En la década de 1950 los músicos jóvenes ya consideraban a su alcance muchas de las innovaciones de Parker. El potencial expresivo que había desatado era tan abundante que hablar con fluidez el idioma que se había inventado Parker bastaba para consolidar la reputación de un músico. Esta situación es común a todas las artes: en pintura el potencial del cubismo bastó para elevar la obra de muchos pintores por encima del nivel que habrían alcanzado de haber encontrado un estilo particular por sus propios medios.26 Más aún, los músicos que destacaron inicialmente fueron aquellos que, como Johnny Griffin, resaltaban todas las peculiaridades del bebop —en su caso, la velocidad—, mucho más que quienes tomaron otros derroteros.
A finales de los años cincuenta, sin embargo, la capacidad del bebop para nutrir a los jóvenes se agotó a medida que el jazz iniciaba otro período de rápida transición. Con anterioridad, tal como señala Ted Gioia, los intérpretes se contentaban con aportar algo a la música, con encontrar un sonido propio a su instrumento. A partir de 1960 los músicos comenzaron a hablar como si fueran responsables de la música en su conjunto, no solo de su pasado, de la tradición, sino también del futuro.27 El mañana se convirtió en la Cuestión, lo que importaba era la Forma del Jazz Venidero. La década de 1960 presenció cómo volvían a subirse las apuestas conforme nacían dos nuevas corrientes.
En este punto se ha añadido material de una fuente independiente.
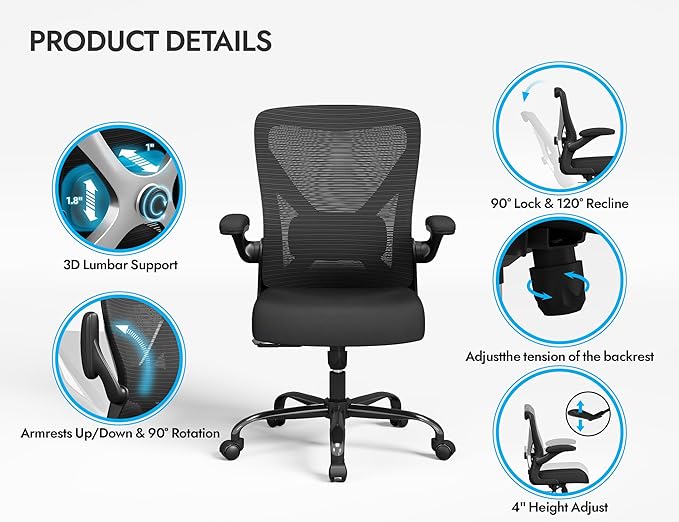 Ergonomic Office Chair - X-Shaped Computer Desk Chairs Comfy, Mesh High-Back Gaming Chair with Adjustable Lumbar Support, Executive Task Chair for Adults, Comfortable for Long Hours, Black, Pack of 6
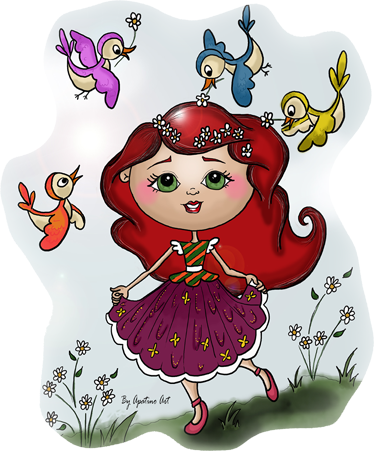 Alfombra vinílica infantil niña por el campo - TenVinilo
Los músicos comenzaron a verse ampliando las fronteras de la música en un intento de hacerla todavía más expresiva. «He vivido más de lo que puedo expresar en términos del bebop», dijo Albert Ayler, cuya música rompió la espina dorsal de la tradición jazzística.28 Puede que no estuviera muy claro adónde querían llevar la música, puesto que la otra tendencia de los años sesenta consistía en que los músicos se dejaran llevar por la energía acumulada en la producción cada vez más espontánea de música.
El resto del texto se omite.